I want to get sum of columns values and group them by half year window, but number of columns too many, which I want to automate such painful things with sql logic. since we can do count() for table, can we do sum() for getting sum of each columns values in big query standard sql? based on my intuition, I came up my sql but it didn't produce expected output. Can anyone suggest possible workaround ont this?

objective:

I just want to get sum of each column values then group by id, year, and half-year.

my attempt and reproducible data

here is my input table schema and values (Note that for making this minimal example, I just used sql server), here is dbfiddle

here is my attempt:

with tb1(
    select res.*
    from (
        select distinct
            txn.user_id,
            extract(year from txn.purchase_date) as purch_yr,
            CASE 
                WHEN EXTRACT(QUARTER FROM txn.purchase_date) IN (1, 2) THEN 1 
                WHEN EXTRACT(QUARTER FROM txn.purchase_date) IN (3, 4) THEN 2
            END AS purch_period,
    
        from trans txn
        group by user_id, purch_yr, purch_period
    ) as res
)

tb2 as (
    select 
        *,
        sum(*)   -- intend to get sum of each columns
    from trans
    group by user_id, purch_yr, purch_period
)
select tb1.*, tb2.*
from tb1 left join tb2 on tb2.user_id=tb1.user_id

I intend to sum of each columns using sum(*) and group them by user_id, purch_yr, purch_period but above attempt didn't fetch any data though.
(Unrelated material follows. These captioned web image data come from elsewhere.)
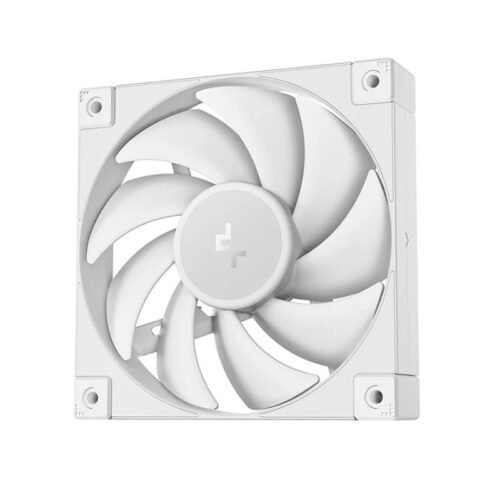 Fan Cooler DeepCool FD12 120mm Blanco
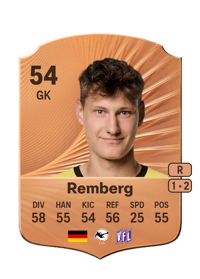 Mats Remberg Rare 54 OVR
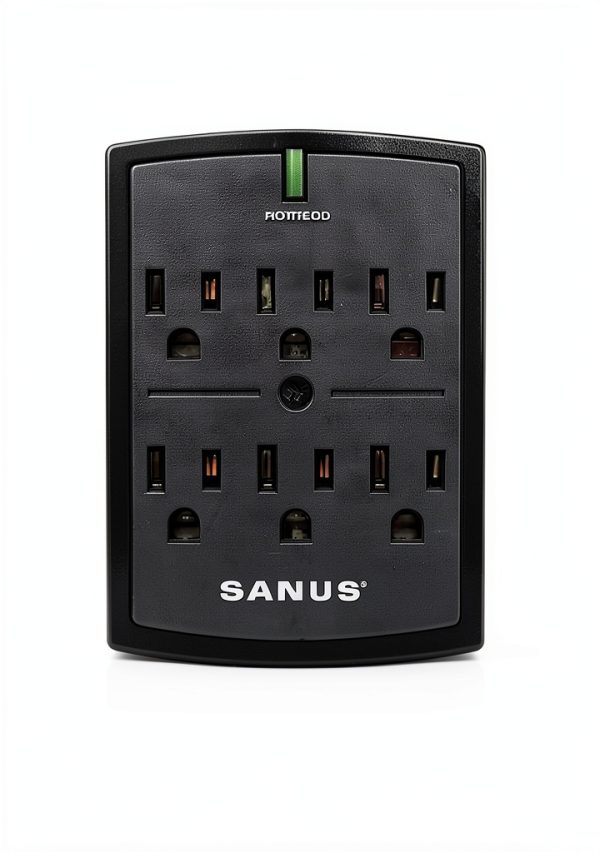 Sanus Surge Protector 1080J 6-Outlet Power Strip-4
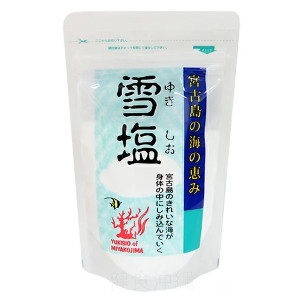 他サイト： 【今ならミズノの靴下1足をプレゼント】雪塩 60gの商品画像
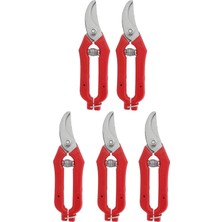 Str Store Gcn 5 Adet Eğri Uçlu Narenciye Üzüm Bağ Budama Makası 18.5 cm Yz-64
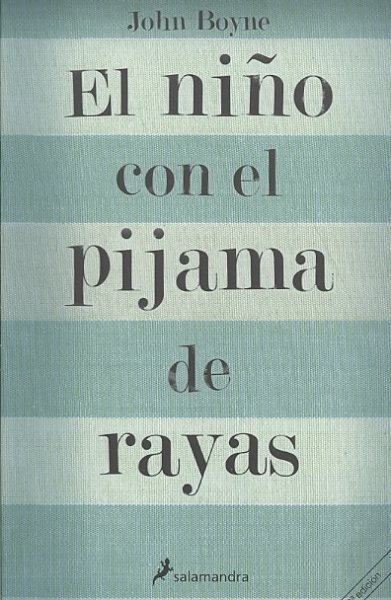 El Nino con el Pijama de Rayas (Spanish Edition) cover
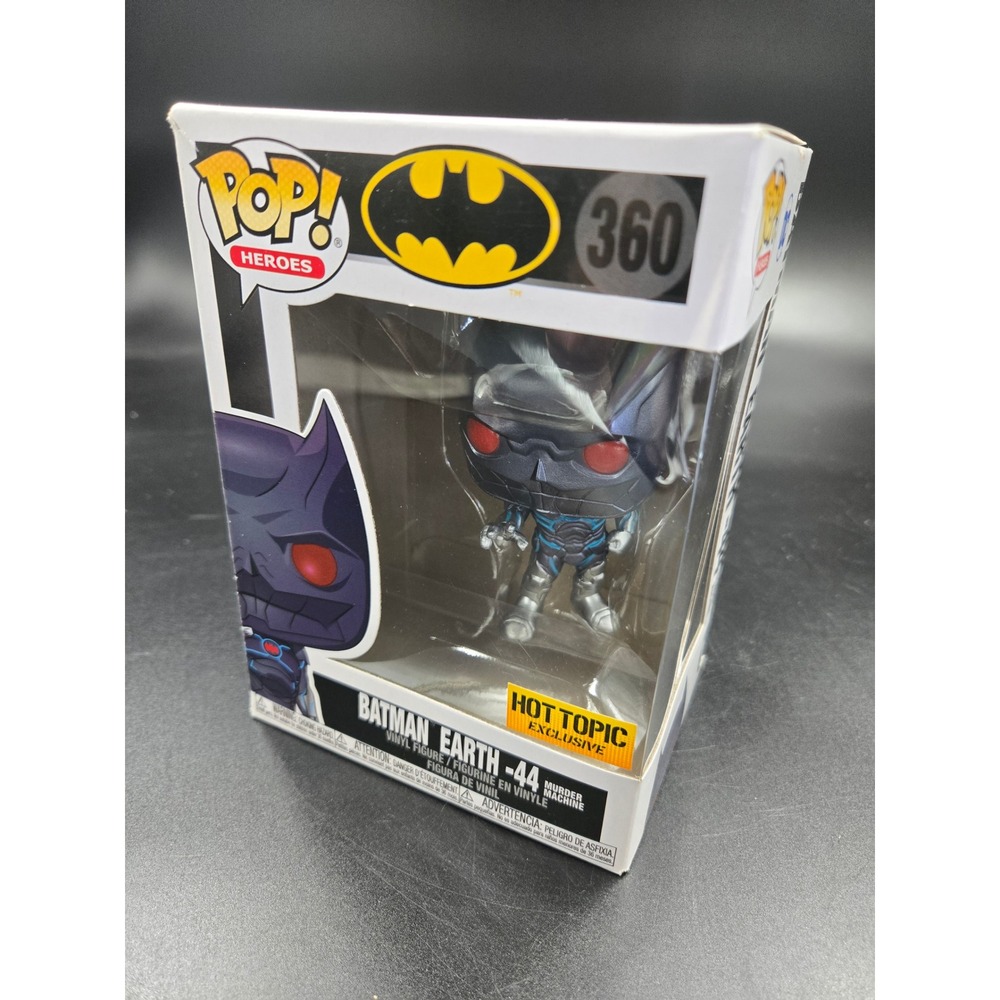 Funko Pop Batman Earth 44 Murder Machine Hot Topic Exclusive #360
The reason of doing this because I have so many columns and I need to do sum(col1), ..., sum(coln). Above attempt didn't work.

update- new attempt:

this is my another attempt but I got null values as sum of columns values:

select res.*
from (
  select distinct
    purchase_dateuser_id,
    extract(year from purchase_datepurchase_date) as purch_yr,
    CASE
        WHEN EXTRACT(QUARTER FROM purchase_datepurchase_date) IN (1, 2) THEN 1 
        WHEN EXTRACT(QUARTER FROM purchase_datepurchase_date) IN (3, 4) THEN 2
    END AS purch_period,
    SUM(prod_ab_amt),
    SUM(prod_bf_amt),
    SUM(prod_gm_amt),
    SUM(catg_cg_amt),
    SUM(catg_dh_amt),
    SUM(catg_xy_amt),
    SUM(catg_mk_amt),
    SUM(brand_hk_amt),
    SUM(brand_hp_amt),
    SUM(brand_vm_amt)
  from trans
  group by user_id, purch_yr, purch_period
) as res

in this attempt, I end up with null values as sum of columns values, any better ideas on this?

sql server solution from SO

I found this solution but it is specific for sql server though:

select ',SUM(' + QUOTENAME(name) + ') AS ' + QUOTENAME(name)
from sys.columns sc
WHERE sc.object_id = OBJECT_ID('trans')
AND sc.name NOT IN ('user_id', 'purchase_date')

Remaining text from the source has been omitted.